Richard Henry Friend

President's International Advisory Council

Richard Henry Friend

Cavendish Professor of Physics, University of Cambridge
United Kingdom

 

Professor Sir Richard Henry Friend, FRS and FREng, is Cavendish Professor of Physics and a Fellow of St. John's College at the University of Cambridge. Professor Friend is world renowned for pioneering the physics and engineering of semiconductor devices made with carbon-based semiconducting polymers.

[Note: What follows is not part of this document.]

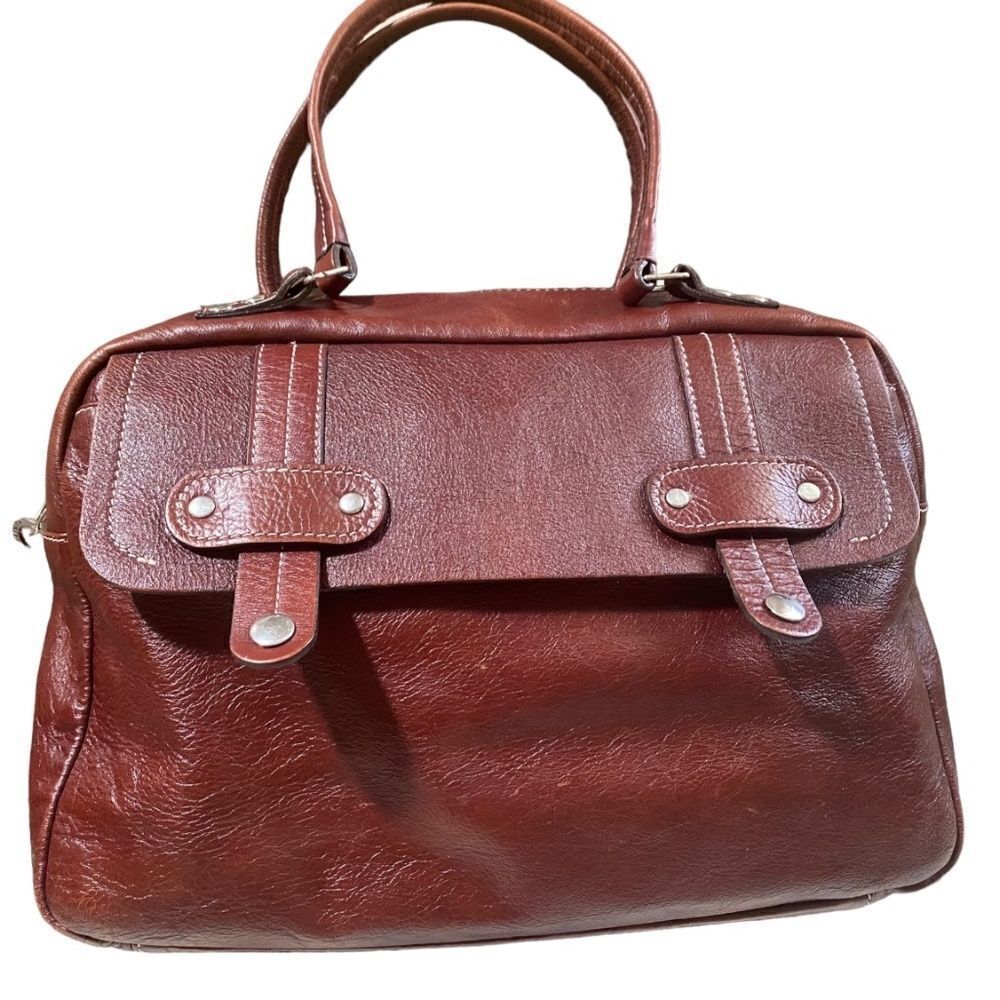 Authentic EGYPTIAN LEATHER SATCHEL IN RED-BRN BRICK,dual handles front flap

He has shown that polymers can be processed to form high-performing semiconductor devices, and his research group was the first to demonstrate using polymers: clean operation of field-effect transistors, light-emitting diodes, efficient photovoltaic diodes, optically-pumped lasing, directly-printed polymer transistor circuits and light-emitting transistors. This work has revolutionized the understanding of the electronic properties of polymeric semiconductors, which are now recognized to be very suitable for use in semiconductor devices. It has also made possible new applications for semiconductors, particularly for solid-state light-emitting displays using polymer light-emitting diodes.

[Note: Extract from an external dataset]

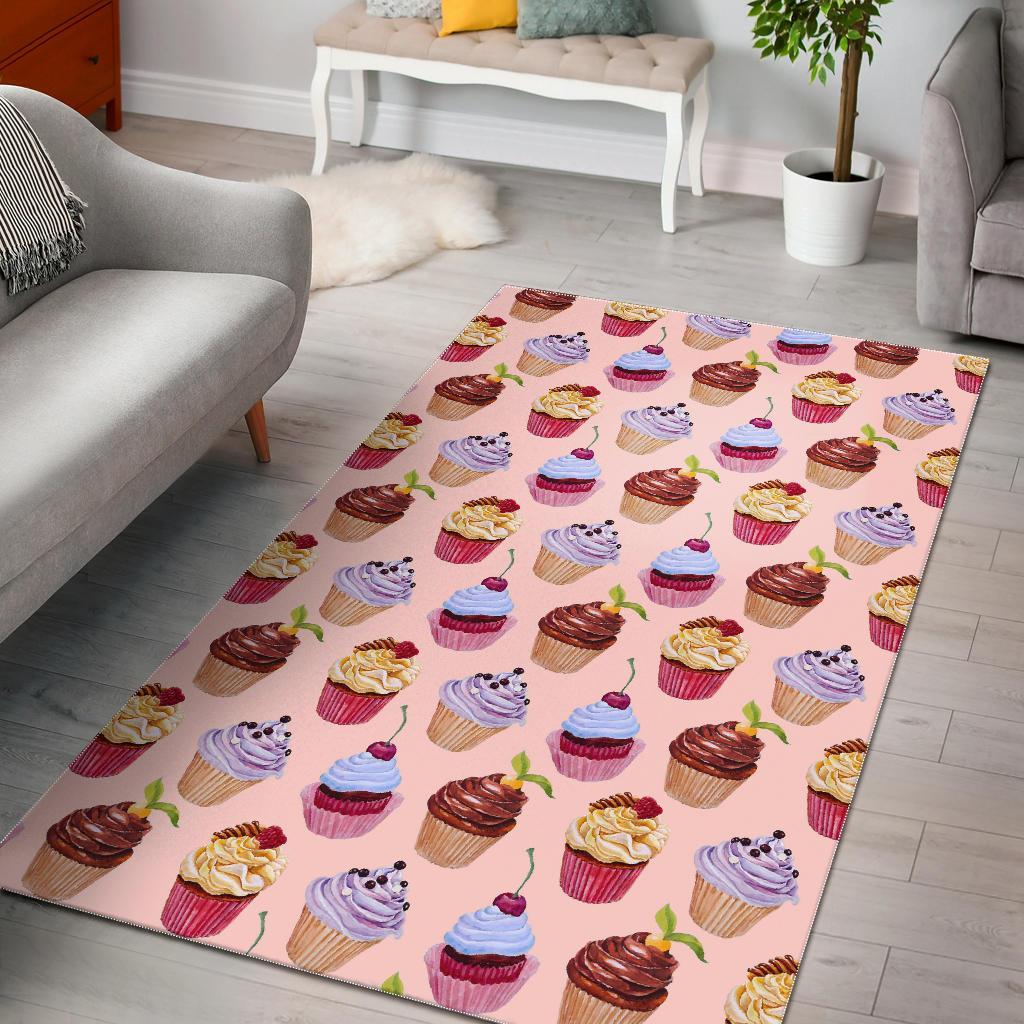 Cupcake Pink Pattern Print Floor Mat-grizzshop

Products based on these discoveries, including cell phone displays, are now in the market. The impact of this technology may prove to be of immense significance: the fabrication of semiconductor devices and circuits by direct printing is radically different from the traditional patterning and process technologies of inorganic semiconductors, and will allow directly-printed semiconductor circuits to be manufactured at much reduced cost. This work was developed both within the University of Cambridge and also through the formation of two companies, Cambridge Display Technology and Plastic Logic.

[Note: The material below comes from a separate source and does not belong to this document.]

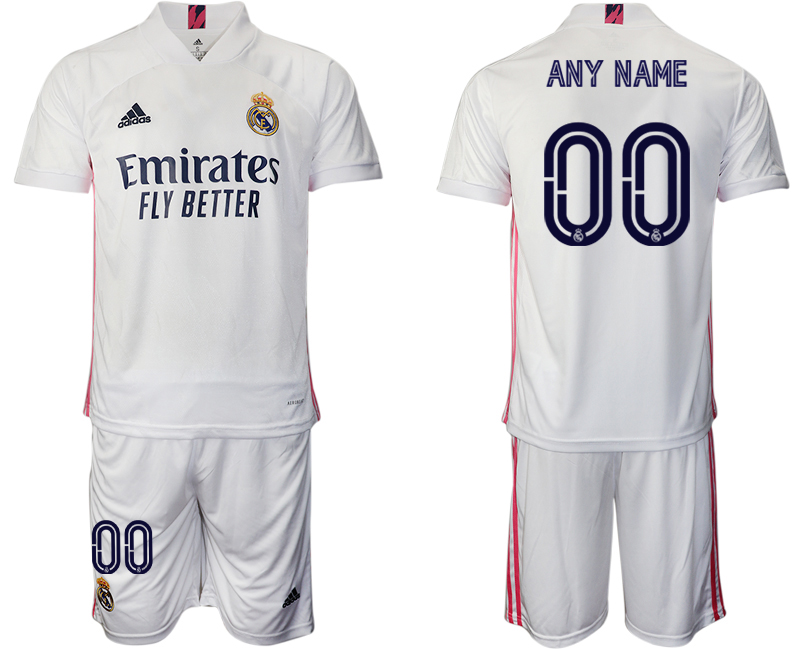 Men 2020-2021 club Real Madrid home customized white Soccer Jerseys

Professor Friend has over 700 publications in scientific journals and more than 40 patents. He has been identified by the Institute for Scientific Information (ISI) as the most-cited UK-based scientist working in the physical sciences over the decade 1990-1999. He has also been listed by ISI as one of the 2 most-cited physicists based in the UK.

In March 2003, as the 81st recipient of the Faraday Medal of the Institute of Electrical Engineers, Richard Friend joined a distinguished roll of honour that commenced in 1922 with Oliver Heaviside. Professor Friend was knighted for "Services to Physics" in the Queen's birthday honours List in 2003. In 2009, Professor Friend was a co-winner of the King Faisal International Prize for Science.